Several years of research have shown that machine-learning systems are
vulnerable to adversarial examples, both in theory and in practice. Until now,
such attacks have primarily targeted visual models, exploiting the gap between
human and machine perception. Although text-based models have also been
attacked with adversarial examples, such attacks struggled to preserve semantic
meaning and indistinguishability. In this paper, we explore a large class of
adversarial examples that can be used to attack text-based models in a
black-box setting without making any human-perceptible visual modification to
inputs. We use encoding-specific perturbations that are imperceptible to the
human eye to manipulate the outputs of a wide range of Natural Language
Processing (NLP) systems from neural machine-translation pipelines to web
search engines. We find that with a single imperceptible encoding injection --
representing one invisible character, homoglyph, reordering, or deletion -- an
attacker can significantly reduce the performance of vulnerable models, and
with three injections most models can be functionally broken.

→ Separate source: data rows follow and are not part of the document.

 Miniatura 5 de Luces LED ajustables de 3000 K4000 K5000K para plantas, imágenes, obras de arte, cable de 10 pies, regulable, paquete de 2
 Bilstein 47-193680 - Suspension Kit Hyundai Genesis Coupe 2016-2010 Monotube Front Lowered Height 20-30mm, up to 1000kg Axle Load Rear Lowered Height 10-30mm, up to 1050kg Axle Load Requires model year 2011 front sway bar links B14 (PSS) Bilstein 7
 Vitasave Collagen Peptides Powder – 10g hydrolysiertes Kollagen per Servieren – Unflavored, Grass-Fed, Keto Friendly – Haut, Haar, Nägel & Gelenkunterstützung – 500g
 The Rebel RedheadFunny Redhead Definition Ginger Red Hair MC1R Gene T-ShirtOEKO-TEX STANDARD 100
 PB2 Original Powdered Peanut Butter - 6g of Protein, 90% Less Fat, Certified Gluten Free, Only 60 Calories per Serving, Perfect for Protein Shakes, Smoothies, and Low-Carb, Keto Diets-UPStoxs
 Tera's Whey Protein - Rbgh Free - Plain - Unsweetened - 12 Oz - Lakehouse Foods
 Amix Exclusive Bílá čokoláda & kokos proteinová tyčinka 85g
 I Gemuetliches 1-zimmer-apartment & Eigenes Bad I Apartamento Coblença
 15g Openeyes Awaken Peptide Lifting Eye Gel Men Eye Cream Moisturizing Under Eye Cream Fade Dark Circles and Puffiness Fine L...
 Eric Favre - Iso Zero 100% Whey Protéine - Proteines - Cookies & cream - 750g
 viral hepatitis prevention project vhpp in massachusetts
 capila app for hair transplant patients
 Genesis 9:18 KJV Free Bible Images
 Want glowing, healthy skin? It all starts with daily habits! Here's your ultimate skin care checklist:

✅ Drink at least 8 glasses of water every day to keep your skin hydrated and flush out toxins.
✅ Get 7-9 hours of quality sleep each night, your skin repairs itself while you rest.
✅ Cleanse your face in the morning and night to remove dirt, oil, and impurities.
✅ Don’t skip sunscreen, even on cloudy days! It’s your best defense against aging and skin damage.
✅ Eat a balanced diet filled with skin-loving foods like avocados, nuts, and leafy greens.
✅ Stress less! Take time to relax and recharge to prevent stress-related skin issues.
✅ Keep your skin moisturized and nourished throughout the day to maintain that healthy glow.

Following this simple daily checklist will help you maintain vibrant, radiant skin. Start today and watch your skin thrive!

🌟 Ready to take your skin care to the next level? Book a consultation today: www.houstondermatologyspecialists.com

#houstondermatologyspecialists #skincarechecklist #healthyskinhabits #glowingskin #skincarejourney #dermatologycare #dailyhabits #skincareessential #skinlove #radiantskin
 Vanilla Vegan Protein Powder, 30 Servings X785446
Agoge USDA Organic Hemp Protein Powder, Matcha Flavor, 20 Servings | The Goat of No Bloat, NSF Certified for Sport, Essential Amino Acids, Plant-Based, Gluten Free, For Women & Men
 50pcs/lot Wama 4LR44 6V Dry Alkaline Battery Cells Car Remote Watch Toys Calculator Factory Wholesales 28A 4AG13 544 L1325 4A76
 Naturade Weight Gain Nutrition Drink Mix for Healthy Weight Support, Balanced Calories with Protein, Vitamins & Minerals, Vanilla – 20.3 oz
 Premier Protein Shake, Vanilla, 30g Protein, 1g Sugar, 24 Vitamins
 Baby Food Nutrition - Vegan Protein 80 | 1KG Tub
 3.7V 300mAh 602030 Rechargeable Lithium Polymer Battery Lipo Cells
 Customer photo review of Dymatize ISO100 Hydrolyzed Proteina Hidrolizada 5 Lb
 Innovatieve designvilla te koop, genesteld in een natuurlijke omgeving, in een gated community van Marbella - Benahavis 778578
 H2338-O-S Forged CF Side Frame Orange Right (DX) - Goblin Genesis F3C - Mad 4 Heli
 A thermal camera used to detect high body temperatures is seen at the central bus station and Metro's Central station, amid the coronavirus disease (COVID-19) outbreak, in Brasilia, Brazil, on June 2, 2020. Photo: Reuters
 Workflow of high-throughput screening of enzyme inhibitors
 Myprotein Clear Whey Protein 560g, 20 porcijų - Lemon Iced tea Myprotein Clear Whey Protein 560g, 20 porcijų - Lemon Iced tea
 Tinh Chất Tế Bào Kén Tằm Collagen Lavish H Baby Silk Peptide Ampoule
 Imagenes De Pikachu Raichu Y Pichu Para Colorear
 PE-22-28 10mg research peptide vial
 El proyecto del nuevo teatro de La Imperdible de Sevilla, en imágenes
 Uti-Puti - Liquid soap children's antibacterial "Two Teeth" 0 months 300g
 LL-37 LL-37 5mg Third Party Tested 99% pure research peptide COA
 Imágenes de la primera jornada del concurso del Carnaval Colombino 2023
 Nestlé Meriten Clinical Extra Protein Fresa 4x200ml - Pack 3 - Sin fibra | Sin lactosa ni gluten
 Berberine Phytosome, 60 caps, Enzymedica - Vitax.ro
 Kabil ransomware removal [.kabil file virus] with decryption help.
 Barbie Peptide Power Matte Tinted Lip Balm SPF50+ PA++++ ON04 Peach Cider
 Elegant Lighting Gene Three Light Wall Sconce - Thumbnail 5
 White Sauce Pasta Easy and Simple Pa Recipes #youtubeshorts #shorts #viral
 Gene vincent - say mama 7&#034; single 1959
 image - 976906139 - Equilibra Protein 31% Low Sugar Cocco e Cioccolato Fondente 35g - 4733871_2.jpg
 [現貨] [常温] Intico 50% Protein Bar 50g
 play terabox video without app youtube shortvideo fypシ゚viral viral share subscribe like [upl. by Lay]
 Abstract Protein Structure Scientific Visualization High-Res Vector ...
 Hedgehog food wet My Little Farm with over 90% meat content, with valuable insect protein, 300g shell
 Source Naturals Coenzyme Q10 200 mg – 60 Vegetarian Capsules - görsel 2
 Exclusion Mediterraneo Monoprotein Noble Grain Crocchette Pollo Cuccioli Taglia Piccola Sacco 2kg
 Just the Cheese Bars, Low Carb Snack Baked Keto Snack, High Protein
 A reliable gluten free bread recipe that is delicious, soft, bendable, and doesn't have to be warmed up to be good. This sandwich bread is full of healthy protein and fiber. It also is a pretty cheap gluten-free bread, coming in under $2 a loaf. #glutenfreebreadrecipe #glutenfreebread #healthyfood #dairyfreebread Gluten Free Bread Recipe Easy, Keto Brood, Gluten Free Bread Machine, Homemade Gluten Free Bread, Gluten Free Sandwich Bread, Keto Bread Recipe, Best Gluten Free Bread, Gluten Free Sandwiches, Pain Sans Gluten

Our attacks work
against currently-deployed commercial systems, including those produced by
Microsoft and Google, in addition to open source models published by Facebook,
IBM, and HuggingFace. This novel series of attacks presents a significant
threat to many language processing systems: an attacker can affect systems in a
targeted manner without any assumptions about the underlying model. We conclude
that text-based NLP systems require careful input sanitization, just like
conventional applications, and that given such systems are now being deployed
rapidly at scale, the urgent attention of architects and operators is required.